Did the intelligence community have evidence that some other country might be helping Syria? If so, who? The cohort of potential helpers is small—the declared nuclear powers and a few others. It’s safe to scratch from the list the Western powers plus Israel, India, and Japan. That leaves Russia, China, Iran, Pakistan, and North Korea. Iran spent decades unsuccessfully trying to start its own reactor with intermittent Russian help and without success until the Russians finally committed. So scratch Tehran off too, as incapable of providing meaningful assistance.

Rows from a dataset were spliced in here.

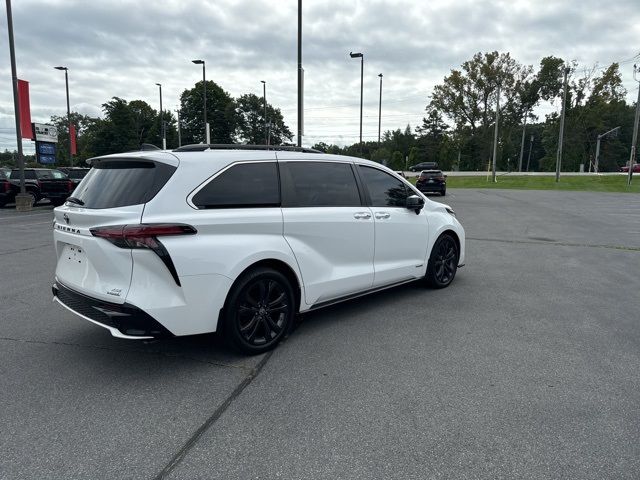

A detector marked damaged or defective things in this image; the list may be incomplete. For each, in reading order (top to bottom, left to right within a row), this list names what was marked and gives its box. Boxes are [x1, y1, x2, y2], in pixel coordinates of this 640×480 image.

pavement crack [464, 235, 640, 251]
pavement crack [0, 336, 250, 370]
pavement crack [156, 348, 276, 480] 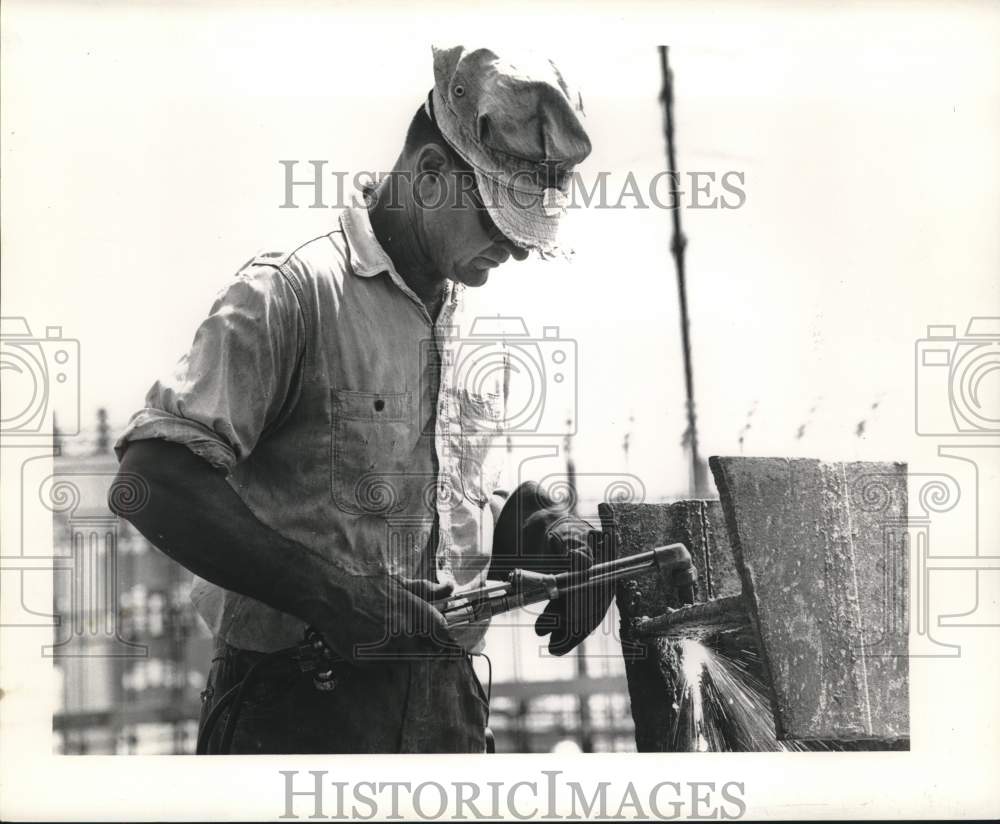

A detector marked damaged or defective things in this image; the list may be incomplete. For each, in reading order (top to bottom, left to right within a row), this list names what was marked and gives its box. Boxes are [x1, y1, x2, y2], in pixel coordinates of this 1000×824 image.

rusty metal surface [708, 454, 912, 744]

Did the intelligence community have any evidence that Russia, China, or Pakistan was helping Syria with a reactor? If so, that would be significant news. I suppose, if it were true, those who told this story to Woodward might have left that part out. Implicating any one of those three countries in yet another proliferation scheme would greatly complicate U.S. foreign policy. On the other hand, if the intelligence community really wanted to cast doubt on North Korean involvement and it knew that some other country was engaged in nuclear cooperating with Syria, then it would have an interest in saying so.
We don’t know. What we do know from the reported facts is that we have significant reason to believe that North Korea was behind the reactor and little reason to believe it was not.
But even if the Syrians had managed to build the reactor all by themselves (a highly dubious proposition), other problems with the analysis remain. As reported, the bases for point four—low confidence that the reactor was part of a weapons program—are weak. The CIA acknowledged that the reactor could produce plutonium, which can be used to make nuclear weapons. But first it has to be reprocessed from spent reactor fuel rods. The CIA claimed that it could find no evidence of reprocessing “capability at the site or nearby in that region of Syria.” Leave aside that, in Donald Rumsfeld’s words, “absence of evidence is not evidence of absence.” There is no reason why a reprocessing facility has to be located at the site of a reactor. Most such facilities around the world are not.